Description of the task — Only one stretch of the data below is wanted: the lines from the one with "Fresh ripe strawberries" through the one with "Water going down", repeated exactly.

==== Input for this task

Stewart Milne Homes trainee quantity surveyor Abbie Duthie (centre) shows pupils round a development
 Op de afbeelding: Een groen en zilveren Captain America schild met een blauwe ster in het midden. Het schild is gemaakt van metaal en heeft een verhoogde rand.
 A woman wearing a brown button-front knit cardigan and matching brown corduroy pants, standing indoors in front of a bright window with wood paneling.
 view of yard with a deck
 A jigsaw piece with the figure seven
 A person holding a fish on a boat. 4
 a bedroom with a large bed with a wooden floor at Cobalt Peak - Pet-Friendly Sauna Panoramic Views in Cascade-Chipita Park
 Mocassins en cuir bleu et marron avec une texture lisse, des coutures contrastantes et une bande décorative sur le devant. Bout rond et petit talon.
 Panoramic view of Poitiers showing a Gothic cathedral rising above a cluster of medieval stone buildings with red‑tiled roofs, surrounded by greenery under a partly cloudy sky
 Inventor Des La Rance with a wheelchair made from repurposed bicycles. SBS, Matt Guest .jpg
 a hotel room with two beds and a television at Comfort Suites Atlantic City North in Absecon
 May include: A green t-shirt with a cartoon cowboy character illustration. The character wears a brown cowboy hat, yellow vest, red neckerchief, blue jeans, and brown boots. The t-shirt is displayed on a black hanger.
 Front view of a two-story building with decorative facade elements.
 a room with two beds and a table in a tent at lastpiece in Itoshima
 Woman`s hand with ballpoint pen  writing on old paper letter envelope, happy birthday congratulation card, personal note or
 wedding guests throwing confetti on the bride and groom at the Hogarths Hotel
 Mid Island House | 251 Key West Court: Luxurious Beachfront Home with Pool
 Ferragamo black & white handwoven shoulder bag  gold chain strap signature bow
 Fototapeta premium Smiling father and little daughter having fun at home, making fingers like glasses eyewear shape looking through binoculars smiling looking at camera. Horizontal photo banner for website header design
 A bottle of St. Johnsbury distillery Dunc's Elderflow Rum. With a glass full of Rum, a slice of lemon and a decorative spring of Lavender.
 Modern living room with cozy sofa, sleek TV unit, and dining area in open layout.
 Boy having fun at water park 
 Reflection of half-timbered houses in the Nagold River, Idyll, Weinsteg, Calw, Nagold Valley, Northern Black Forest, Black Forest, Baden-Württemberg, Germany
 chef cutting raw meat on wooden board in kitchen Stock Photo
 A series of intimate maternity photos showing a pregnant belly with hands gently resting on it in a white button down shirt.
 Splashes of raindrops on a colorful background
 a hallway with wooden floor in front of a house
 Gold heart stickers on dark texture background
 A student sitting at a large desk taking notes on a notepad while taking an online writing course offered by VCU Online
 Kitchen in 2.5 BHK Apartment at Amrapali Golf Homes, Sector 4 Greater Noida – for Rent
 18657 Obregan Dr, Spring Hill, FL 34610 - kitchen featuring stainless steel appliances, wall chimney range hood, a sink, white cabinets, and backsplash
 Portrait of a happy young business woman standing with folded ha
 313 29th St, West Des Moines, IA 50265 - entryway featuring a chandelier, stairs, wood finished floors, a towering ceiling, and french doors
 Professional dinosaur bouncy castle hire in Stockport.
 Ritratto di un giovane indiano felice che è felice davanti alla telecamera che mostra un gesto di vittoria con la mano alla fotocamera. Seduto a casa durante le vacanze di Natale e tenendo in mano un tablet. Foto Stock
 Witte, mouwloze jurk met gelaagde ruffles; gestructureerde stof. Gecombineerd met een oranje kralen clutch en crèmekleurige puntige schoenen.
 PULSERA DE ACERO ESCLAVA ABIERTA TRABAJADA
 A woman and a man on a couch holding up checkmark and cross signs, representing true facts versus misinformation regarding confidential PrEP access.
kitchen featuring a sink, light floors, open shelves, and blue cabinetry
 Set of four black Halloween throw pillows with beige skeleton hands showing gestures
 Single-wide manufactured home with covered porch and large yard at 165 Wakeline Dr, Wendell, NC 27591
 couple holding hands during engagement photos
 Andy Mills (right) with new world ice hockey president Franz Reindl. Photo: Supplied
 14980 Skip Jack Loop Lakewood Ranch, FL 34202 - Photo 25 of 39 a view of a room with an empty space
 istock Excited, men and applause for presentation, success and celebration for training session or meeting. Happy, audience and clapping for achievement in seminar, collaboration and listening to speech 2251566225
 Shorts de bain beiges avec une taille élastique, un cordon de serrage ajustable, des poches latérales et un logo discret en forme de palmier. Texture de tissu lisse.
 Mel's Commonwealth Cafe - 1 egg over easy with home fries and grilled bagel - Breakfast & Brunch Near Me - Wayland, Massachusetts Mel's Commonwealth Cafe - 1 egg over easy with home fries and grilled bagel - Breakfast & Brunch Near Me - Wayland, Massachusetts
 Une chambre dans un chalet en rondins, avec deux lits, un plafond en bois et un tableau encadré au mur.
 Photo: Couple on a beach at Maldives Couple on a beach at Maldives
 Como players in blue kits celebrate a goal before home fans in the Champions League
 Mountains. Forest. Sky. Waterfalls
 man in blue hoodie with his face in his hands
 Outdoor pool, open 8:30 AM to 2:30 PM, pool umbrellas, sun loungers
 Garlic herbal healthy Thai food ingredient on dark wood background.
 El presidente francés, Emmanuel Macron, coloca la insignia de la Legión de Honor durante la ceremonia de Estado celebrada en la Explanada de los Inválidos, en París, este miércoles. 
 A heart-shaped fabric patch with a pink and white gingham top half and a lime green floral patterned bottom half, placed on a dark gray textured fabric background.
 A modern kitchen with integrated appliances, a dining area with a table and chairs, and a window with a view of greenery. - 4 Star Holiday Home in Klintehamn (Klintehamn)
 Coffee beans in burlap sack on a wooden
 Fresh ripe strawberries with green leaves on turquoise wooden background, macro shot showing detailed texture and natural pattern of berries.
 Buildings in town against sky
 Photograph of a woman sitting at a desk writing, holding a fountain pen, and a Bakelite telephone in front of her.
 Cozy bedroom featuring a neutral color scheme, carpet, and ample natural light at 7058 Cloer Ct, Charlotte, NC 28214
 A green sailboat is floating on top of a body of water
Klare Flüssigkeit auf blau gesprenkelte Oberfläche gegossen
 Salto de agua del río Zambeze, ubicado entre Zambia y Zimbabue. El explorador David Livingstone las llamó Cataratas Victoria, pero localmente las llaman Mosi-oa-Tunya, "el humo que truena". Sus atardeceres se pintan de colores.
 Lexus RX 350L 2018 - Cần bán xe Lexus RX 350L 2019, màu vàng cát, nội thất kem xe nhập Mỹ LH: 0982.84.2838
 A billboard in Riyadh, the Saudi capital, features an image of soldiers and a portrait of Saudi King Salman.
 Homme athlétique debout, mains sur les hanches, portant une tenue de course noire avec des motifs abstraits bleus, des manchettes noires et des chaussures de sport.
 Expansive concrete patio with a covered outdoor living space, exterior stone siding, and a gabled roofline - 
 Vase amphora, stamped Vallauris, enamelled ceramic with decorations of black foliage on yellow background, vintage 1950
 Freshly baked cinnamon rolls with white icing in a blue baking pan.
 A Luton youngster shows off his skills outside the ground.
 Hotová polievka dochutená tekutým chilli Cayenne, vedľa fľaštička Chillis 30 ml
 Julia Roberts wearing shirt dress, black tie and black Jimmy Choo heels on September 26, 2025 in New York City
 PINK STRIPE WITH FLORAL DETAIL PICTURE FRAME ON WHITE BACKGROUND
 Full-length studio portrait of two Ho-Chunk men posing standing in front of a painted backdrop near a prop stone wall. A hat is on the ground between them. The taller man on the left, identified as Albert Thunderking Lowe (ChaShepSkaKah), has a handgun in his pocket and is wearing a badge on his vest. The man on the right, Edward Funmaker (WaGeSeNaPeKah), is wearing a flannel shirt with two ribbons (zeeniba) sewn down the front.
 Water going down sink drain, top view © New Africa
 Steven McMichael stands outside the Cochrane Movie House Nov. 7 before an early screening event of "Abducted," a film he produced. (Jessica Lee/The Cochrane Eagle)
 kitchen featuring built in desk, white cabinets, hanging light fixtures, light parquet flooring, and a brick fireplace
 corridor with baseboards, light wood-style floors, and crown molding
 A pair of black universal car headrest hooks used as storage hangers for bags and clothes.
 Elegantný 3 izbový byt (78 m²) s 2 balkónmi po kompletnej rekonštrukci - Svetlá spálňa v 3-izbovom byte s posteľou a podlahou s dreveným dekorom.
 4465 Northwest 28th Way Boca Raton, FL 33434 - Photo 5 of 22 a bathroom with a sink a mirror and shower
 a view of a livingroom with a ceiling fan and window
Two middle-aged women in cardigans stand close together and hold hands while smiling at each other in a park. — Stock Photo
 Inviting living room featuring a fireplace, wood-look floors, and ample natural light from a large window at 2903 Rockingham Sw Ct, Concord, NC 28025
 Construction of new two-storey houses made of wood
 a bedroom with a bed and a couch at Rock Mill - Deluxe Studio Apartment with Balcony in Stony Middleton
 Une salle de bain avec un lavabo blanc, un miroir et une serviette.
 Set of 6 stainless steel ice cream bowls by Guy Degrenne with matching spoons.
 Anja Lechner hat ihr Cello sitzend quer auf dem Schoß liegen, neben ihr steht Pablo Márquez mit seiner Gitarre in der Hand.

========

Exercise answer —
 Fresh ripe strawberries with green leaves on turquoise wooden background, macro shot showing detailed texture and natural pattern of berries.
 Buildings in town against sky
 Photograph of a woman sitting at a desk writing, holding a fountain pen, and a Bakelite telephone in front of her.
 Cozy bedroom featuring a neutral color scheme, carpet, and ample natural light at 7058 Cloer Ct, Charlotte, NC 28214
 A green sailboat is floating on top of a body of water
Klare Flüssigkeit auf blau gesprenkelte Oberfläche gegossen
 Salto de agua del río Zambeze, ubicado entre Zambia y Zimbabue. El explorador David Livingstone las llamó Cataratas Victoria, pero localmente las llaman Mosi-oa-Tunya, "el humo que truena". Sus atardeceres se pintan de colores.
 Lexus RX 350L 2018 - Cần bán xe Lexus RX 350L 2019, màu vàng cát, nội thất kem xe nhập Mỹ LH: 0982.84.2838
 A billboard in Riyadh, the Saudi capital, features an image of soldiers and a portrait of Saudi King Salman.
 Homme athlétique debout, mains sur les hanches, portant une tenue de course noire avec des motifs abstraits bleus, des manchettes noires et des chaussures de sport.
 Expansive concrete patio with a covered outdoor living space, exterior stone siding, and a gabled roofline - 
 Vase amphora, stamped Vallauris, enamelled ceramic with decorations of black foliage on yellow background, vintage 1950
 Freshly baked cinnamon rolls with white icing in a blue baking pan.
 A Luton youngster shows off his skills outside the ground.
 Hotová polievka dochutená tekutým chilli Cayenne, vedľa fľaštička Chillis 30 ml
 Julia Roberts wearing shirt dress, black tie and black Jimmy Choo heels on September 26, 2025 in New York City
 PINK STRIPE WITH FLORAL DETAIL PICTURE FRAME ON WHITE BACKGROUND
 Full-length studio portrait of two Ho-Chunk men posing standing in front of a painted backdrop near a prop stone wall. A hat is on the ground between them. The taller man on the left, identified as Albert Thunderking Lowe (ChaShepSkaKah), has a handgun in his pocket and is wearing a badge on his vest. The man on the right, Edward Funmaker (WaGeSeNaPeKah), is wearing a flannel shirt with two ribbons (zeeniba) sewn down the front.
 Water going down sink drain, top view © New Africa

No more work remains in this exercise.